Wang Shuaicheng, Fang Shurong, Sha Qiuying, Zhang Shuanglin
Department of Mathematical Sciences, Michigan Technological University, 1400 Townsend Drive, Houghton, MI 49931, USA.
BMC Proc. 2014 Jun 17;8(Suppl 1 Genetic Analysis Workshop 18Vanessa Olmo):S91. doi: 10.1186/1753-6561-8-S1-S91. eCollection 2014.

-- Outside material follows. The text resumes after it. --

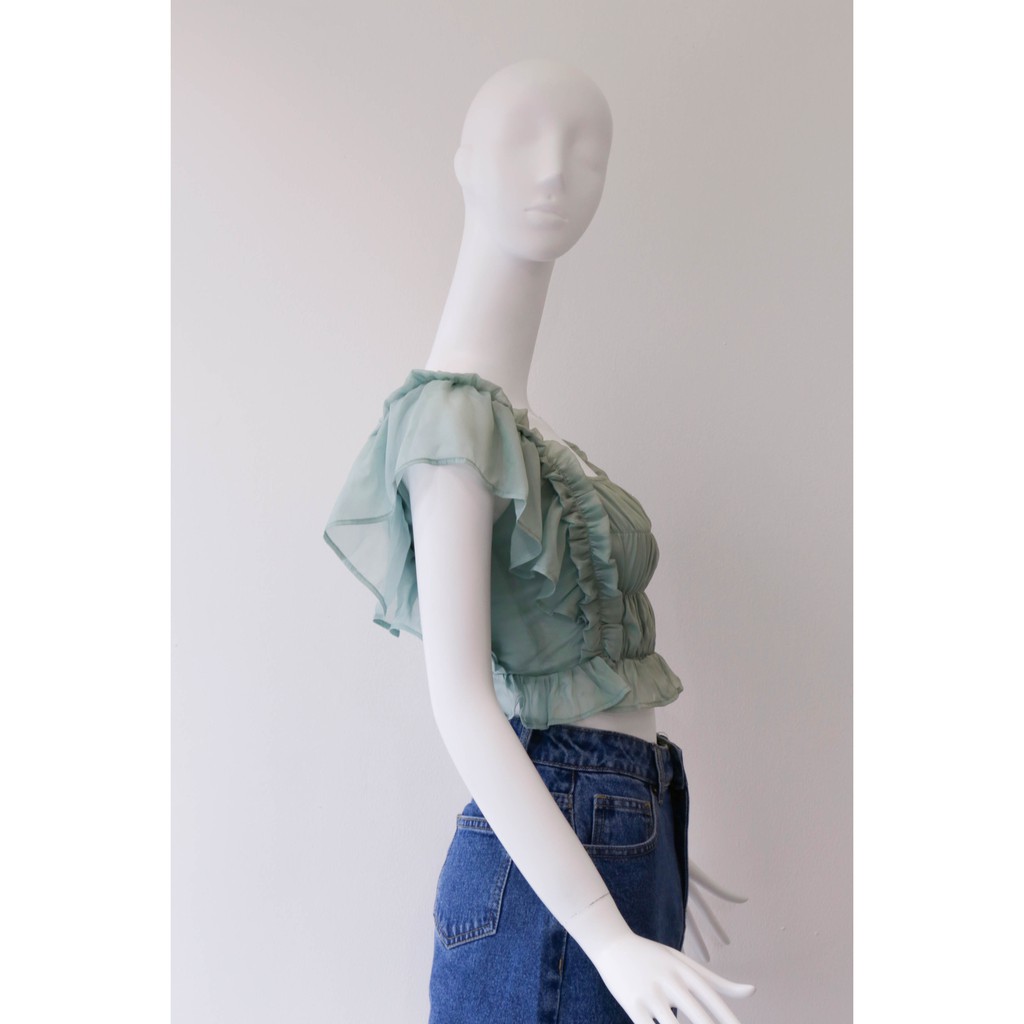 Áo voan freesize HEYBEE phom ngắn nhún bèo (2 màu) - BLUE BELL TOP HT630.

Increasing evidence shows that complex diseases are caused by both common and rare variants. Recently, several statistical methods for detecting associations of rare variants have been developed, including the test for testing the effect of an optimally weighted combination of variants (TOW) developed by our group in 2012. These methodologies consider phenotype measurement at only one time point. Because many sequence data have been developed on population cohorts that contain phenotype measurements at multiple time points, such as the data set provided in the Genetic Analysis Workshop 18 (GAW18), we extend TOW from phenotype measurement at one time point to phenotype measurements at multiple time points. We then apply the newly proposed method to the GAW18 data set and compare the power of the new method with TOW using only one phenotype measurement. The application results show that the newly proposed method jointly modeling phenotype measurements at all time points has increased power over TOW.
越来越多的证据表明,复杂疾病是由常见变异和罕见变异共同引起的。最近,已经开发了几种用于检测罕见变异关联的统计方法,包括我们团队在2012年开发的用于测试变异最佳加权组合效应的检验(TOW)。这些方法仅考虑在一个时间点的表型测量。由于已经在包含多个时间点表型测量的人群队列中开发了许多序列数据,例如遗传分析研讨会18(GAW18)提供的数据集,我们将TOW从一个时间点的表型测量扩展到多个时间点的表型测量。然后,我们将新提出的方法应用于GAW18数据集,并将新方法的功效与仅使用一个表型测量的TOW进行比较。应用结果表明,新提出的在所有时间点联合建模表型测量的方法比TOW具有更高的功效。